In January 1892 an Ipswich paper described Martin as the most "brilliant star" of Ipswich cricket and speculated that if he was able to find form he would be the "most dashing" batsman in Queensland. In March 1892 an Ipswich paper expressed that Martin should join a Brisbane cricket club arguing that he was as good a cricketer as Arthur Coningham, and in April he represented a combined Ipswich XI against a Maryborough XI. By November 1892 he had moved to Brisbane and he was selected for the Brisbane Graziers' Club that month, however the sides opponent, Stanley, objected to his selection, as it was a policy that players be a member of a club for one month before being selected for a match, and he was unable to play, but in December he was able to start playing for the club.

In February 1893 the Ipswich Herald argued that Martin should be selected to represent Queensland, and in March the Queensland Cricket Association announced that he had been selected to represent the State in an Intercolonial match against New South Wales. In April a report described Martin as being a brilliant batsman and fielder, and that month he represented Queensland in its inaugural First-class game against New South Wales scoring 42 not out in the first innings batting at number eight and moving up to open in the second innings but scoring only one. William Hoare was awarded a trophy for his bowling for Queensland after the match and the Ipswich Herald questioned why Martin was not similarly honored for his batting in the game. In November the Graziers cricket club visited Sydney to play local clubs there and it was suggested Martin could impress spectators on Sydney wickets due to being a "hitter" and he had one score of 76 which was chanceless before he was out caught during the tour.

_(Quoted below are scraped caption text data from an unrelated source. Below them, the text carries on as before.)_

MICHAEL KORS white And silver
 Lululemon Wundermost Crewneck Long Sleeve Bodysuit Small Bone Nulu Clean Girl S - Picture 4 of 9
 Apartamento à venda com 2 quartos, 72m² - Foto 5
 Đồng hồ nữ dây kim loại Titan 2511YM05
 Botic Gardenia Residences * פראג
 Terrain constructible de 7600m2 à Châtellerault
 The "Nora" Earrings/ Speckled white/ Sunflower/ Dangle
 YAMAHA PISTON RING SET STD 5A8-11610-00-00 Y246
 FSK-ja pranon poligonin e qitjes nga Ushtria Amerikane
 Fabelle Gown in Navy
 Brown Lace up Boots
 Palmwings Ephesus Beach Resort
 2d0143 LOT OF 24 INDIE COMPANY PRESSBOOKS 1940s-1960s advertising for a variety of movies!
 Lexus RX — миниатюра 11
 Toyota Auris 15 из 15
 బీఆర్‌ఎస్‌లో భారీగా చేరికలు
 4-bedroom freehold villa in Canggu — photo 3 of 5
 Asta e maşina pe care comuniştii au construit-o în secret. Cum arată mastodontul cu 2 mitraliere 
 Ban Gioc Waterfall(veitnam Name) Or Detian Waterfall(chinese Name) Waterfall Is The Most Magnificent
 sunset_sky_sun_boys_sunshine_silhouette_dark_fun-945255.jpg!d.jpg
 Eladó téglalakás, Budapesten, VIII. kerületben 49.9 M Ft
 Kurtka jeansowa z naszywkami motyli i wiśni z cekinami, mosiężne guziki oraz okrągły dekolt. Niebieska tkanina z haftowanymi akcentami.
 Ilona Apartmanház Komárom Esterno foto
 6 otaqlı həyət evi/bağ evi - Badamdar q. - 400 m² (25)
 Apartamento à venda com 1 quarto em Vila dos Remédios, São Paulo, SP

In March 1894 Martin was selected to represent Queensland in its second First-class against New South Wales in Sydney. The Queensland side passed through Ipswich on their way to Sydney and received "hearty cheers" at Ipswich station. In Ipswich it was hoped Martin would uphold his reputation, however he was noted to be "nowhere" in the match in a report, scoring just 2 and 5 in his two innings. In April 1894 he top scored in a match between Graziers and a Combined Brisbane XI with 52. In August he played an innings notably demonstrating his hitting ability, and he expressed he was trying to hit the ball over the grandstand of Exhibition Ground, although he was unsuccessful he did hit many sixes.

In October 1895 it was noted that Martin had not played for the Graziers in the cricket season yet, and in November it was reported he was taking a break from cricket. He returned to cricket with Graziers in January 1896 scoring 35 in fourteen minutes, and in April he scored 48 in an innings and hit the ball out of the ground twice. Graziers won the Brisbane cricket premiership for the season. In late 1897 Martin returned to Ipswich from Brisbane and it was suggested he would likely join one of the weaker Ipswich sides, and he was playing for the Stars club as of November. By 1899 he had fallen into obscurity, and an Ipswich report of a C. Martin who had scored 210 in Brisbane speculated he may be the Ipswich Martin.